Your doctor may prescribe one or a combination of chemo, biological and hormonal therapies, with or without radiation. The recommendations will always be made based upon the most up-to-date information in the medical literature.

  • Chemotherapy and biological therapy work in different ways. Biological therapy harnesses your own immune system to help fight cancer or use drugs that target specific points of vulnerability in the cancer cell. For example, cancer vaccines, a type of biological therapy, trigger responses in the body to battle cancer using its own resources. In comparison, chemotherapy targets and kills the cancer cells directly.
  • "Targeted" cancer therapies are treatments that are designed to interfere with a process in the cancer cell that is critical to its function. They interfere with specific (targeted) molecules that fuel tumor growth, and often spare healthy cells. Some of the most successful targeted therapies to date are used to treat blood cancers, such as chronic myelogenous leukemia and acute lymphoblastic leukemia.
  • The growth of some cancers depends on estrogen, the predominant female hormone that stimulates breast cancer, or androgens, the predominant male hormone that stimulates prostate cancer. Hormonal therapy uses special drugs to attack these cancers by altering or blocking hormone production. Our oncologists have helped to discover new strategies to use these hormonal treatments for improved patient care.
How is Treatment Administered?

The details of cancer treatment depend on where your cancer is located and the type of drugs and therapy you need. Most often you will receive intravenous drugs, through a vein, but doctors could also prescribe oral medications (a pill or capsule to swallow); drugs delivered through an artery to treat a single area (for example, the liver); drugs injected into a muscle or the tumor itself; or drugs delivered into the abdominal or chest cavity, or spinal canal. Also, some drugs are topical; that is, rubbed on the cancer area on the skin.

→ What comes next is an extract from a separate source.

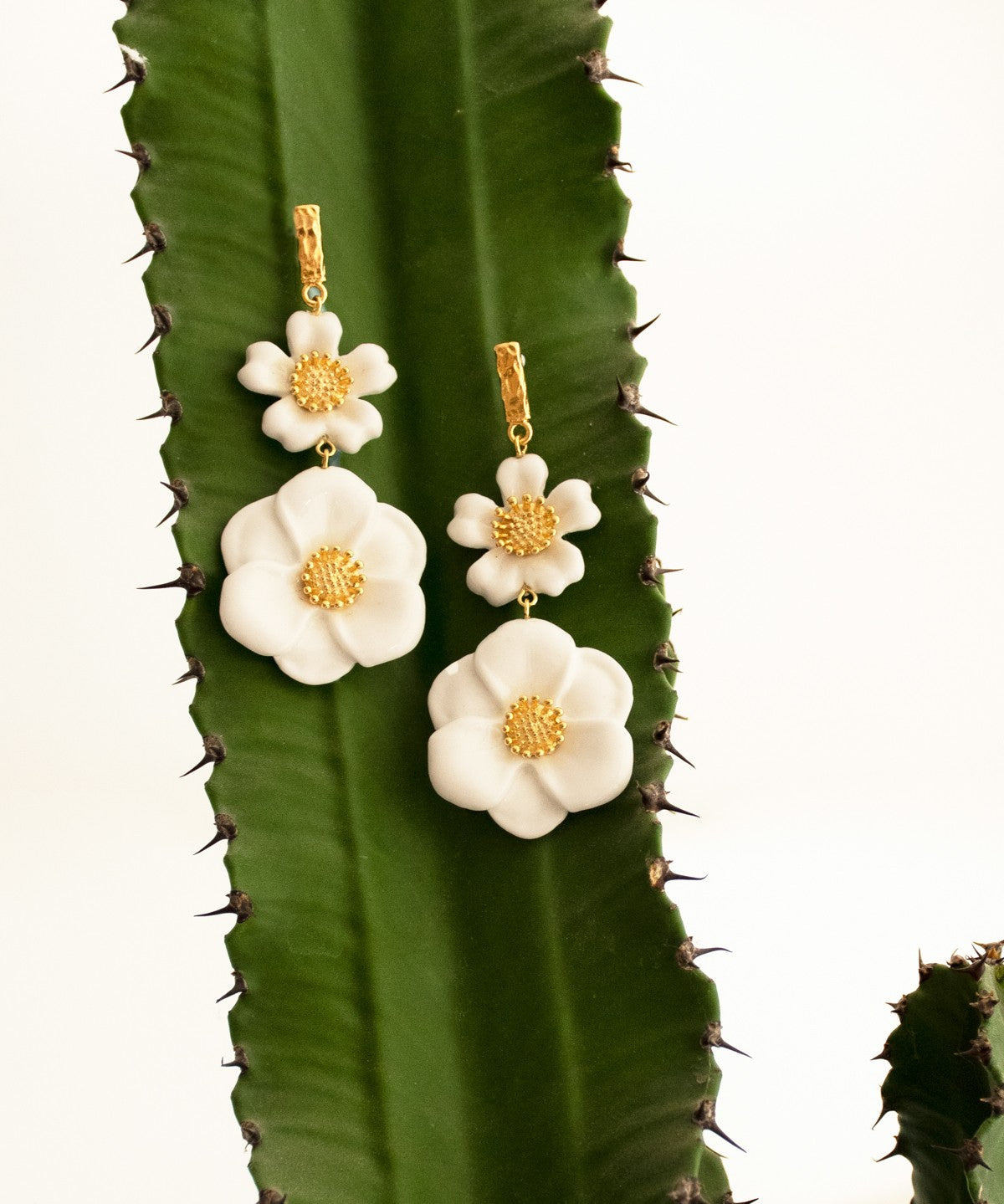 Boucles d'oreilles fleur blanche porcelaine peint a la main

Clinical Trials and Research

You may benefit from standard protocols (drugs and treatment administered in accordance with well-established guidelines) that improve the outcome of your particular cancer and symptoms. Or you may qualify for one of our extensive clinical trials - research studies that are designed to find better treatments for cancer patients based on the most updated information from around the world.

As a founding member of the Dana Farber/Harvard Cancer Center (DF/HCC), the comprehensive cancer center at Harvard Medical School, Beth Israel Deaconess is part of the largest cancer research consortium in the country, with access to a broad array of the most current clinical trials. BIDMC's Cancer Clinical Trials Office coordinates trials in connection with DF/HCC and the Eastern Cooperative Oncology Group (ECOG), among others.